What: The Pasty Republic

Where: 4166 Tennyson Street

Pros: First off, it’s nice to have a pasty shop in the area, as many have tried and failed at this endeavor. The husband and wife team here are deeply committed to making customers happy—offering traditional Cornish versions as well as kicked-up flavors, designed for the adventurous palates like a cheeseburger and a chicken masala version.

Cons: Some of the seasonings in the pasties are still a little off. While there was an abundance of salt in my spinach pasty, the chicken masala one begged for some. Luckily, the owners are more than happy to hear feedback and make improvements.

I must confess that I had never heard of a pasty, let alone tasted one before checking out this new addition to Tennyson Street. For those that don’t know, the pasty (pronounced “pass-tea” is a traditional Cornish handheld pastry, usually stuffed with fillings like steak and potatoes. Husband-and-wife owners Jonathan Walker and Sam Elhindi have embraced the challenge of educating people all about the pasty in the past month or so they’ve been open. “There were people who legitimately thought we were opening up a sex shop in this family-oriented part of Tennyson,” Elhindi said.
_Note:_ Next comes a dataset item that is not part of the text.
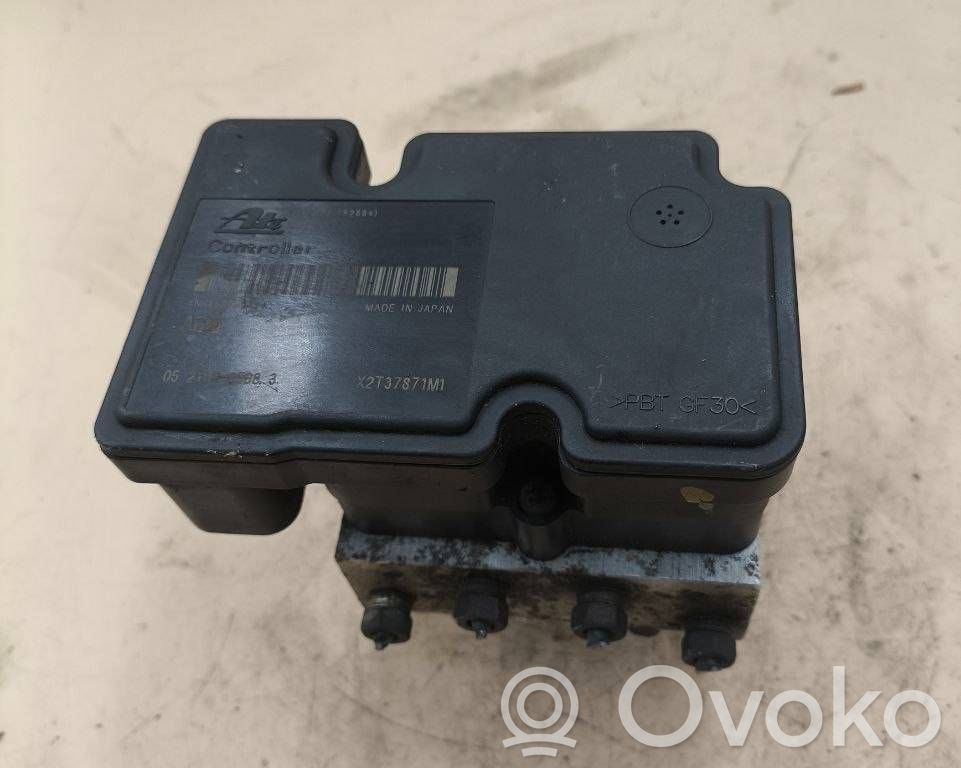 Suzuki Swift I Bomba de ABS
Luckily for nearby residents, that is not the case. Instead, The Pasty Republic features many different flavors of pasties, handheld salads, and local Sweet Action ice cream.

"The Miner," a traditional Cornish pasty with steak, potato, rutabaga, and onion at The Pasty Republic. Photo by Camille Breslin.
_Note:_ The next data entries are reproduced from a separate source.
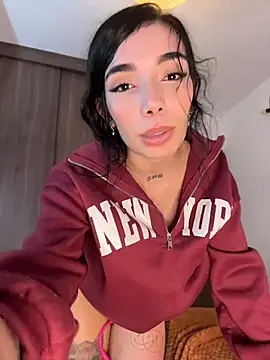 milasantana_ webcam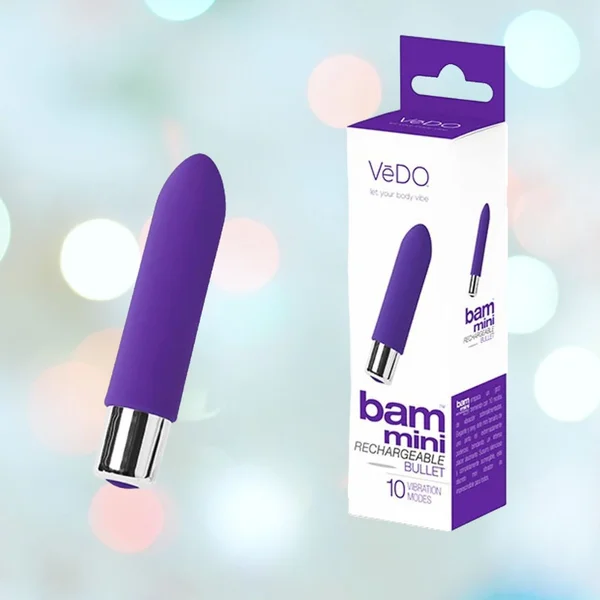 Vedo Bam — image 13 of 15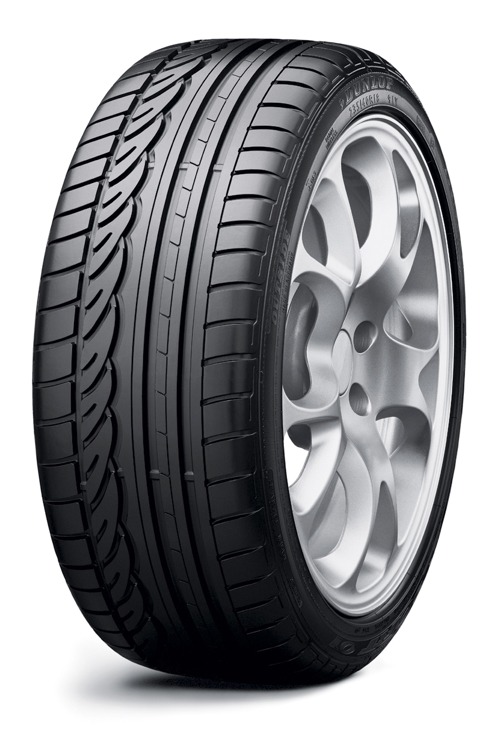 Foto pneumatico: DUNLOP, SPORTSMART MK4 1 160/60 R17 69W Estive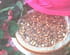 Tarte au caramel et aux fruits secs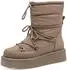 Tamaris Stiefelette High Warmfutter (Damen)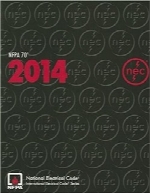 NEC 2014NEC 2014: National Electrical Code 2014/ NFPA 70 (National Fire Protection Associations National Electrical Code)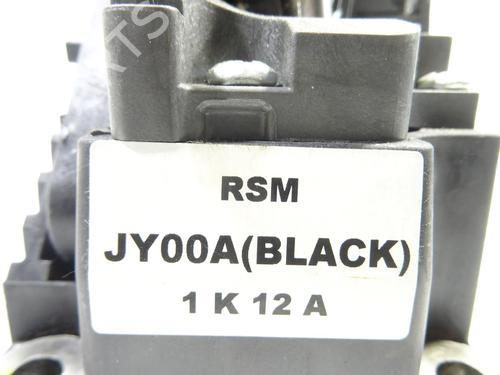 Gear lever RENAULT KOLEOS I (HY_) 2.0 dCi (HY0K) | BP26930719M90 - Image 6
“The Miner,” a traditional Cornish pasty with steak, potato, rutabaga, and onion at the Pasty Republic. Photo by Camille Breslin.

The inspiration to open up the shop came from Walker, originally from England. During his time attending college at CU Boulder, he missed being able to frequent pasty shops, the likes of which are more ubiquitous than Starbucks in many places in Britain. He wanted to introduce Coloradans to a food he loved, and thus, the idea for the Pasty Republic, currently the only full-fledged pasty shop in Colorado, was born.
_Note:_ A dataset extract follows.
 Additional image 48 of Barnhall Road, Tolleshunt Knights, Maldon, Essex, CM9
Pasties have a long history in England dating back to the thirteenth century, where they originally gained popularity among Cornish miners for their portable, hearty nature. With the popularity of fast food and fast casual here in the states, Walker knew that people would catch on, as there is a real need to be able to quickly get a quality meal that can be easily eaten on the go.

You can definitely taste the high-quality ingredients in the handmade pasties here. The Miner, named as a nod to Cornish traditions, is packed with the customary filling of steak, potato, rutabaga, and onion. I wanted to try one of the originals Walker and Elhindi have created just for their menu, so I went for “The Seasoned,” a spicy take on chicken masala with chicken, cauliflower, carrots, onion, masala seasoning, and a little bit of yogurt. While the vegetables and chicken were perfectly cooked and very moist, I found this one to have a little too much masala seasoning and not enough salt to bring it all together. That being said, I was a huge fan of the spice level and Indian-inspired flavor profile.

"The Philosopher" pasty, filled with spinach, dill, feta, and almonds at The Pasty Republic. Photo by Camille Breslin.

“The Philosopher” pasty, filled with spinach, dill, feta, and almonds. Photo by Camille Breslin.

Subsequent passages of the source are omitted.